B. 1939
Headshot of poet Rosellen Brown, black and white.
Photo by Jerry Bauer

Rosellen Brown was born in Philadelphia, Pennsylvania, to an American-born father and a Russian immigrant mother. She earned her BA from Barnard College and attended Brandeis University, where she met her future husband, Marvin Hoffman. The couple joined the Civil Rights movement, working at Tougaloo College near Jackson, Mississippi. While Hoffman continued a career in education, founding the North Kenwood/Oakland Charter School in Chicago, Brown turned to writing full-time. Her first book was the poetry collection Some Deaths in the Delta (1970); other collections include Cora Fry (1977) and Cora Fry’s Pillow Book (1994).

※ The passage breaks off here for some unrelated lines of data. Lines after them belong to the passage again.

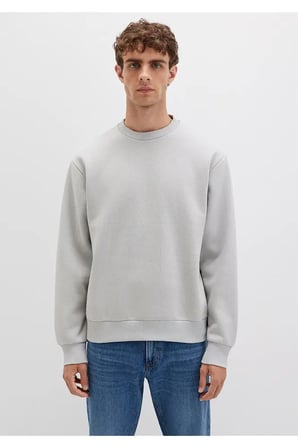Bisiklet Yaka Gri Basic Sweatshirt 0S10276-81582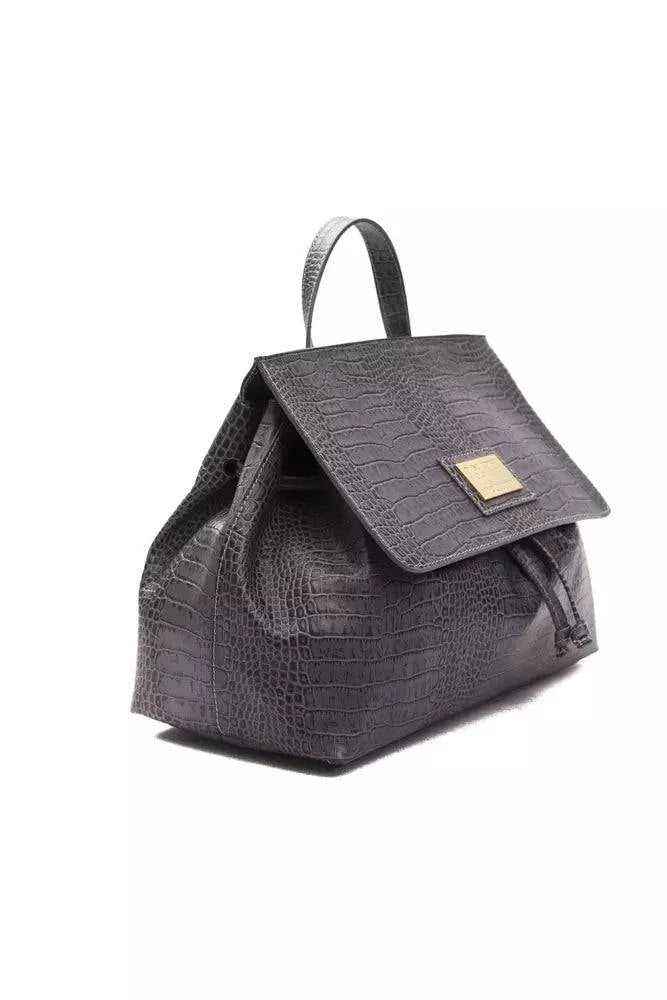 Pompei Donatella Gray Leather Women Handbag - ACCEXO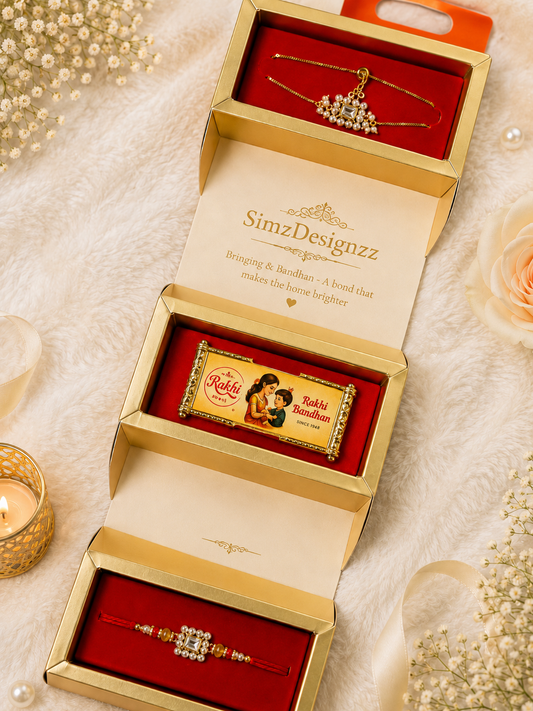 Premium packing Bro-Bhabi Rakhi Combo Set
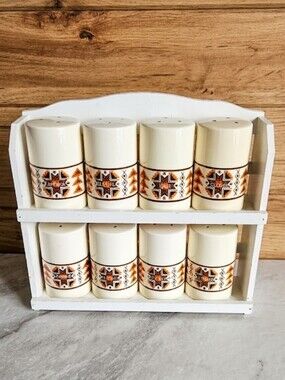 VTG 70s Boho Ceramic Spice Shaker Set w/ Wooden Shelf Made in Japan
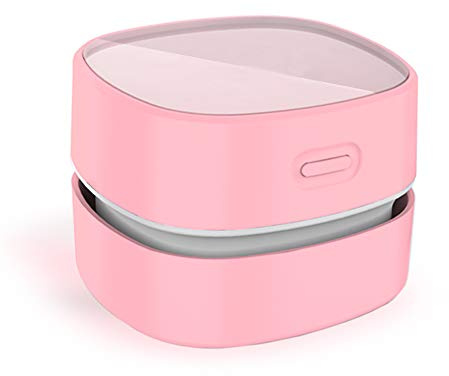 ODISTAR Aspiradora de Escritorio, Mini barredora de Polvo de Mesa, Ahorro de energía, Limpieza de pelos, Migas, Teclado de computadora de Regalos para niños (Rosa)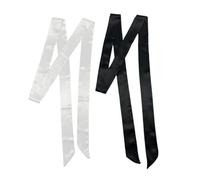 Lot de 2 écharpes longues en satin soyeux pour femme | Ruban fin de 2 m pour cheveux, cou et sac à main | Ceinture élégante pour robes noir et blanc (ensemble monochrome)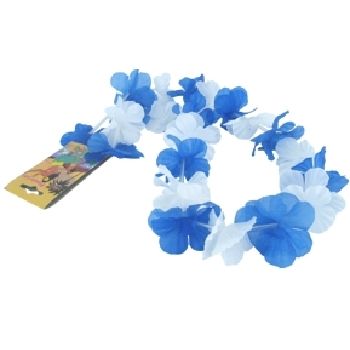 Blue and White Silken Flowered Lei Case Pack 144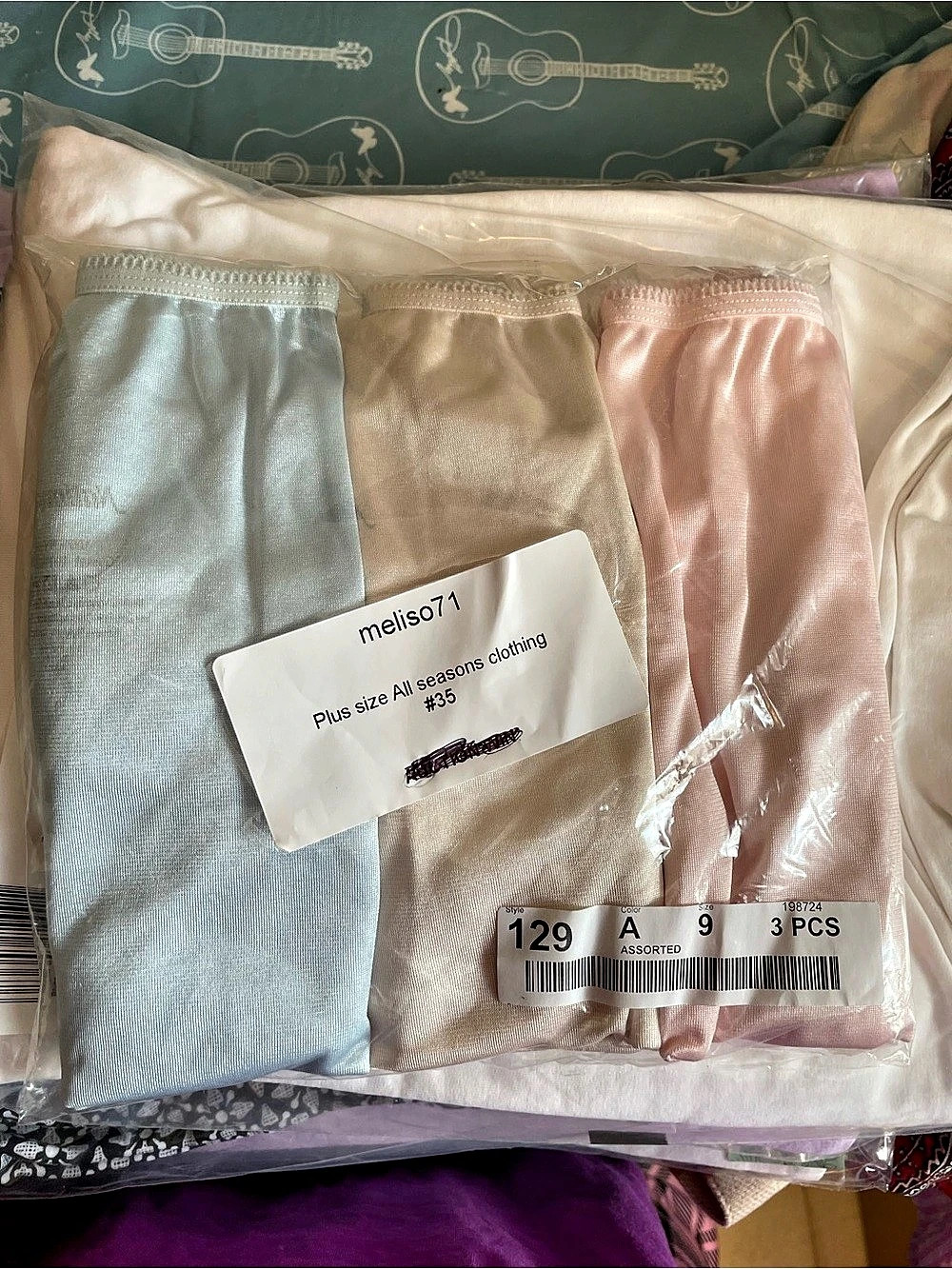 Silk panty size 9 in Blue & Pink NWT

Brown is the author of the short story collection Street Games (1974) and many novels, including The Autobiography of My Mother (1976); Tender Mercies (1978); Civil Wars (1984); Before and After (1992), which was made into a film starring Meryl Streep and Liam Neeson; and Half a Heart (2000). Donna Seaman has described Brown’s oeuvre as “dramatic, psychologically authentic, and politically daring books [that] reveal her willingness, or compulsion, to confront complex and volatile issues” including “class, gender, geography, and age.” A Rosellen Brown Reader (1992) included previously uncollected stories, poems, and essays.
 
Brown’s many honors and awards include fellowships from the Guggenheim and Ingram Merrill Foundations, the Bunting Institute, the Howard Foundation, and the National Endowment for the Arts. She is the recipient of awards from the American Academy of Arts and Letters, the Janet Kafka Prize, and a residency at Mishkenot Sha’ananim, a guesthouse for writers and artists in Jerusalem. Brown has taught at various institutions, including the University of Houston, the University of Michigan, and Northwestern University. She led the Spoleto Writers’ Workshop in Italy for many years and teaches at the School of the Art Institute of Chicago.